[[ Entries supplied, beginning ]]
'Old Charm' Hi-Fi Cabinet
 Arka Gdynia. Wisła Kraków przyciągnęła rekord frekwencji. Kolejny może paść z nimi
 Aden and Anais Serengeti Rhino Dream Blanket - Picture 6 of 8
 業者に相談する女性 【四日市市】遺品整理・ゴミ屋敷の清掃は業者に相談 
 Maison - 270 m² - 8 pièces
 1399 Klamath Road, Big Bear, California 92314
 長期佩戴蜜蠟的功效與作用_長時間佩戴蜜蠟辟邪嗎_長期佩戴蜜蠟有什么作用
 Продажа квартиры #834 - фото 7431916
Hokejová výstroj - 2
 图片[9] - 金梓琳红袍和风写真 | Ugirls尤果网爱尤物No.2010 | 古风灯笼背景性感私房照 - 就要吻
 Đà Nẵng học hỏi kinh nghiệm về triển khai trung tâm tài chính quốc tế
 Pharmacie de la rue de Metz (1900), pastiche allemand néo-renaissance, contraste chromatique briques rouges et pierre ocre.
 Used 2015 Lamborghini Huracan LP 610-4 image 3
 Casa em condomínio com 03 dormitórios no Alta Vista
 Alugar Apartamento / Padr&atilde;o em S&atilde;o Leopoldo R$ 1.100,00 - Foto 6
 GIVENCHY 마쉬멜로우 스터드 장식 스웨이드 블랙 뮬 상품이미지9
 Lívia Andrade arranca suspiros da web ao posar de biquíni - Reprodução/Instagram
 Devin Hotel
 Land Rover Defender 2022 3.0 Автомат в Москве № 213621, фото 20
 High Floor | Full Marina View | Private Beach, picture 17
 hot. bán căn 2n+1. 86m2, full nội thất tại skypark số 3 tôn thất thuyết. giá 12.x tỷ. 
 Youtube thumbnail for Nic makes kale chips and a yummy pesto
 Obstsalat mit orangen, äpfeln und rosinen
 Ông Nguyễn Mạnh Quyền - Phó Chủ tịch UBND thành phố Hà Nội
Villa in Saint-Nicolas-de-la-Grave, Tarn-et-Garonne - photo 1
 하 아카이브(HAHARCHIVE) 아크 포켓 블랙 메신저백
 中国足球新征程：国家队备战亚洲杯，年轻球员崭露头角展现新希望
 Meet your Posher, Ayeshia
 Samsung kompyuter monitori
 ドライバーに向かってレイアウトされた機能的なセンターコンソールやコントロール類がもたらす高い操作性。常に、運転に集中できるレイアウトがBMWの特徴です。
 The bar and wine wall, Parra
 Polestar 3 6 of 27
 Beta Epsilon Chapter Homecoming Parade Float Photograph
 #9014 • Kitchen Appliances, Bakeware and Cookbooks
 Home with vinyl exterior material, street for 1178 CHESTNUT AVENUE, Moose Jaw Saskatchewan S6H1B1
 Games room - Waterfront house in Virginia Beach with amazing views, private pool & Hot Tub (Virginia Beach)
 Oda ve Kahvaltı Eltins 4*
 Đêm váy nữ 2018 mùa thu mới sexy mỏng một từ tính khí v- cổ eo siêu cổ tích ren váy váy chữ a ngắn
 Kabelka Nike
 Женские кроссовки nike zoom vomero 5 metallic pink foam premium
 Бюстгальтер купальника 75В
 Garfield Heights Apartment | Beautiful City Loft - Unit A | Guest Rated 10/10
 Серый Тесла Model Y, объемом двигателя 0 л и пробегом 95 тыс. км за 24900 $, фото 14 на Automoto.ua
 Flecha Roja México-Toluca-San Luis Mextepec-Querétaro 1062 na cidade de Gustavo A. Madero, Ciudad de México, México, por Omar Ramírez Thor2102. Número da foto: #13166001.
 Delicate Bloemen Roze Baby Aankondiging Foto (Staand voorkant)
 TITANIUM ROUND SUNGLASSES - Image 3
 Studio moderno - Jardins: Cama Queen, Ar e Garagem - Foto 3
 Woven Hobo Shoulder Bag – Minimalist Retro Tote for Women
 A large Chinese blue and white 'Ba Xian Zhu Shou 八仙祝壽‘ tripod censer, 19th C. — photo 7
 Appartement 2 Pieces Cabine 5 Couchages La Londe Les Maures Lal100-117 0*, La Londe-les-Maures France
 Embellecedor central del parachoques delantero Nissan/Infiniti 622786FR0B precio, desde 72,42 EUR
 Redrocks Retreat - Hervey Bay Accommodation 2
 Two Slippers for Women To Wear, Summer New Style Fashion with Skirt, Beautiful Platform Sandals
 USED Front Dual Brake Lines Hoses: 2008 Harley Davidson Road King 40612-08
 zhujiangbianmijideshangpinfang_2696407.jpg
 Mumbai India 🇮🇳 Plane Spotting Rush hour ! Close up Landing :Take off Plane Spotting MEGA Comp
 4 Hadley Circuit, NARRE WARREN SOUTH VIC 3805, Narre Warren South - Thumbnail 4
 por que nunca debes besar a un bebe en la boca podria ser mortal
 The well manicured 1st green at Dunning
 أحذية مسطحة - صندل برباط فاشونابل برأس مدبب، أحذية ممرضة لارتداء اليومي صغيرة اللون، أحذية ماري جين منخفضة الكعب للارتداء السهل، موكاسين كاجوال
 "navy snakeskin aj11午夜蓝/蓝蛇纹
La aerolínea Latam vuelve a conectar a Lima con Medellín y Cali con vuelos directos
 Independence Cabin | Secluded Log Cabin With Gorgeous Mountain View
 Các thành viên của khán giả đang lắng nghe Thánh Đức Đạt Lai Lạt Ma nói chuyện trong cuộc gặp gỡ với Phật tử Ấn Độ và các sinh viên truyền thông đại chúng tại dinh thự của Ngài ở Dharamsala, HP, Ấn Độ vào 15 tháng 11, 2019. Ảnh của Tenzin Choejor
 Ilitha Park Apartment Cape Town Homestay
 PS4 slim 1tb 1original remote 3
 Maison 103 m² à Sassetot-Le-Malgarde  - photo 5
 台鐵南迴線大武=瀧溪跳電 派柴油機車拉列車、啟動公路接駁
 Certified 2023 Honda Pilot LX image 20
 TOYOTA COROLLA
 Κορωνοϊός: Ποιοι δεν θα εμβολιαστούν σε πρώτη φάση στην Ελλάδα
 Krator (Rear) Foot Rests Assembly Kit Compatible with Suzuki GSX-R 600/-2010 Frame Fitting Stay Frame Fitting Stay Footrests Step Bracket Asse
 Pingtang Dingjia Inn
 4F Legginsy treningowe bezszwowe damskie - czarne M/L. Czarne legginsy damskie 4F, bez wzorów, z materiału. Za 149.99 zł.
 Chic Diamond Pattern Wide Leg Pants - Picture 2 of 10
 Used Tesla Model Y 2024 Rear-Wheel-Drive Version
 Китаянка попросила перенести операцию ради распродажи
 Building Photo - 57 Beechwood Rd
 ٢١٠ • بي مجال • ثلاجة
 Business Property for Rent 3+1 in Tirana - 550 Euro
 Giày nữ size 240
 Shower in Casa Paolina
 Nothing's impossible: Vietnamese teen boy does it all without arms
[[ Entries supplied, end ]]
What is required =
Exact duplication is required for the lines above, from the line that contains "Maison 103 m²" to the line that contains "Китаянка попросила перенести", inclusive; omit all others.

Expected answer =
 Maison 103 m² à Sassetot-Le-Malgarde  - photo 5
 台鐵南迴線大武=瀧溪跳電 派柴油機車拉列車、啟動公路接駁
 Certified 2023 Honda Pilot LX image 20
 TOYOTA COROLLA
 Κορωνοϊός: Ποιοι δεν θα εμβολιαστούν σε πρώτη φάση στην Ελλάδα
 Krator (Rear) Foot Rests Assembly Kit Compatible with Suzuki GSX-R 600/-2010 Frame Fitting Stay Frame Fitting Stay Footrests Step Bracket Asse
 Pingtang Dingjia Inn
 4F Legginsy treningowe bezszwowe damskie - czarne M/L. Czarne legginsy damskie 4F, bez wzorów, z materiału. Za 149.99 zł.
 Chic Diamond Pattern Wide Leg Pants - Picture 2 of 10
 Used Tesla Model Y 2024 Rear-Wheel-Drive Version
 Китаянка попросила перенести операцию ради распродажи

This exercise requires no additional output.